■ HOW TO COMPLETE THIS TASK
Output every record word for word.

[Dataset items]
((

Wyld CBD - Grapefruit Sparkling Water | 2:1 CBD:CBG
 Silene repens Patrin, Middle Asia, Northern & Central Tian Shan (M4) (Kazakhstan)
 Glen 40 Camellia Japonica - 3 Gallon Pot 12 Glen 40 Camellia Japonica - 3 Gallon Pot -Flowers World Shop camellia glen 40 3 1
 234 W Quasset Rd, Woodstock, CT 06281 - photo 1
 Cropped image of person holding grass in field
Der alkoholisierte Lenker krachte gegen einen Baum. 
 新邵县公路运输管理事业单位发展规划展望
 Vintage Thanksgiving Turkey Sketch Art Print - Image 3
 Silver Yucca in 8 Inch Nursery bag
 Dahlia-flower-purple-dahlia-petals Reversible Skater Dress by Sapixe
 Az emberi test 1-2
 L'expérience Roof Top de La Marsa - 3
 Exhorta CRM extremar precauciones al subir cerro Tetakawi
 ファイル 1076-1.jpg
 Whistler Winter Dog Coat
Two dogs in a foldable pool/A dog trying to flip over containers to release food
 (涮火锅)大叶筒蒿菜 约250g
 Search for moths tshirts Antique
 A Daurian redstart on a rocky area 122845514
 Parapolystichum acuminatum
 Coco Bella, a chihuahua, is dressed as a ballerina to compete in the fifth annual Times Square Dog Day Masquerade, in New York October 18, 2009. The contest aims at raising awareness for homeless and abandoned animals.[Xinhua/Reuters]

))

■ YOUR SOLUTION
Wyld CBD - Grapefruit Sparkling Water | 2:1 CBD:CBG
 Silene repens Patrin, Middle Asia, Northern & Central Tian Shan (M4) (Kazakhstan)
 Glen 40 Camellia Japonica - 3 Gallon Pot 12 Glen 40 Camellia Japonica - 3 Gallon Pot -Flowers World Shop camellia glen 40 3 1
 234 W Quasset Rd, Woodstock, CT 06281 - photo 1
 Cropped image of person holding grass in field
Der alkoholisierte Lenker krachte gegen einen Baum. 
 新邵县公路运输管理事业单位发展规划展望
 Vintage Thanksgiving Turkey Sketch Art Print - Image 3
 Silver Yucca in 8 Inch Nursery bag
 Dahlia-flower-purple-dahlia-petals Reversible Skater Dress by Sapixe
 Az emberi test 1-2
 L'expérience Roof Top de La Marsa - 3
 Exhorta CRM extremar precauciones al subir cerro Tetakawi
 ファイル 1076-1.jpg
 Whistler Winter Dog Coat
Two dogs in a foldable pool/A dog trying to flip over containers to release food
 (涮火锅)大叶筒蒿菜 约250g
 Search for moths tshirts Antique
 A Daurian redstart on a rocky area 122845514
 Parapolystichum acuminatum
 Coco Bella, a chihuahua, is dressed as a ballerina to compete in the fifth annual Times Square Dog Day Masquerade, in New York October 18, 2009. The contest aims at raising awareness for homeless and abandoned animals.[Xinhua/Reuters]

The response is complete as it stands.